A Book About a Film About a Journey to a Room

Geoff Dyer

Pantheon: 230 pp., $24

Imagine going to the movies but, for one reason or another, you can’t see or hear anything on-screen. Fortunately, you can still experience the film with the help of a friend tugging on your sleeve excitedly and guiding you through the movie by describing what they see and hear, and, for added color, what it means. How much you’d gain from that experience would depend on your level of patience, certainly, but also on the quality of the film and your friend’s abilities. Is he or she familiar with the movie? A fan?

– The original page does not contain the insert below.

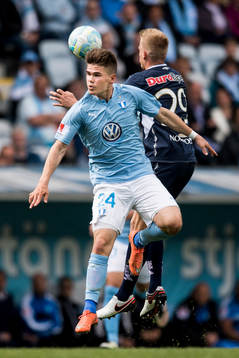 4 Malmö FFs Vidar Örn Kjartansson och Gefles Martin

And is your friend sharp enough to paint an entertaining picture?

These, roughly, are the conditions constructed by novelist and essayist Geoff Dyer in “Zona,” a book-length effort to summarize Andrei Tarkovsky’s 1979 film “Stalker” from opening shot to fade-to-black. Dyer’s mission sounds impossible on the surface, but putting sound and visuals into words has always been the challenge for arts criticism. The idea is no stranger to book-length explorations, either, particularly in recent years with Soft Skull Press’ loving Deep Focus Series, which enables writers to deconstruct specific movies, and Continuum’s obsession-friendly “33 1/3” series with its open-ended examinations of classic albums.

And, luckily for the moviegoer in this case, Dyer is the sort of writer with whom you feel in good hands for all the above conditions, especially the last one, which has been proved multiple times in the London-based writer’s various books including his deliriously addictive, imaginary accounts of jazz musicians’ lives in “But Beautiful” and quasi-memoir “Out of Sheer Rage,” which transformed the act of not writing aboutD.H. Lawrence into an investigation of reading and writing itself.

Still, in his new book, Dyer admits that undertaking an expansive, linear summation of a Russian art film, scene by scene, flirts with madness: At one point he asks the reader with a faint air of incredulity, “Do you think I would be spending my time summarizing the action of a film almost devoid of action … if I was capable of writing anything else?”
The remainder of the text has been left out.